Actually Silicon is refined into ingots. Intel had some info on the process. Lots of checks and balances but could be profitable


----------



## plamenppp (Nov 26, 2009)

Yesterday I noticed something strange about two cpus - both AMD Duro

They had difference in the color of the pins. The one was lighter than the other. Why is this? Is there difference in the amount of the gold plating?

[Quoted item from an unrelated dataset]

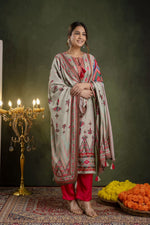 Premium pure muslin silk digital printed suit set in red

The quality of the picture is not good but the change in the color is not due to the flashlight.


----------



## patnor1011 (Nov 26, 2009)

It is normal. Even that they are both from same manufacter they are different type/speed.


----------



## goldsilverpro (Nov 26, 2009)

Maybe, the darker one was plated on a day when the gold plating system was a little out of whack, but the final color, thickness, etc., were still within their parameters. Maybe, they were plated in different facilities. Maybe, one was plated by Joe and the other by Frank.


----------



## Barren Realms 007 (Nov 26, 2009)

goldsilverpro said:


> Maybe, the darker one was plated on a day when the gold plating system was a little out of whack, but the final color, thickness, etc., were still within their parameters. Maybe, they were plated in different facilities. Maybe, one was plated by Joe _*and the other by Frank*_.





hey keep my name out of this, I had nothing to do with it. :mrgreen:


----------



## qst42know (Nov 27, 2009)

DNIndustry said:


> Actually Silicon is refined into ingots. Intel had some info on the process. Lots of checks and balances but could be profitable



Perhaps with a virgin scrap supply at the scale of Intel they might be worth saving. 

How many grams of silicon are in a ton of CPU's? And who would you get to pick them out?


----------



## plamenppp (Nov 27, 2009)

qst42know said:


> DNIndustry said:
> 
> 
> > Actually Silicon is refined into ingots. Intel had some info on the process. Lots of checks and balances but could be profitable
> ...



Good question. I suppose the ones who make solar panels. They need silicon. They get from the sand. The silicon from the sand is not pure.


----------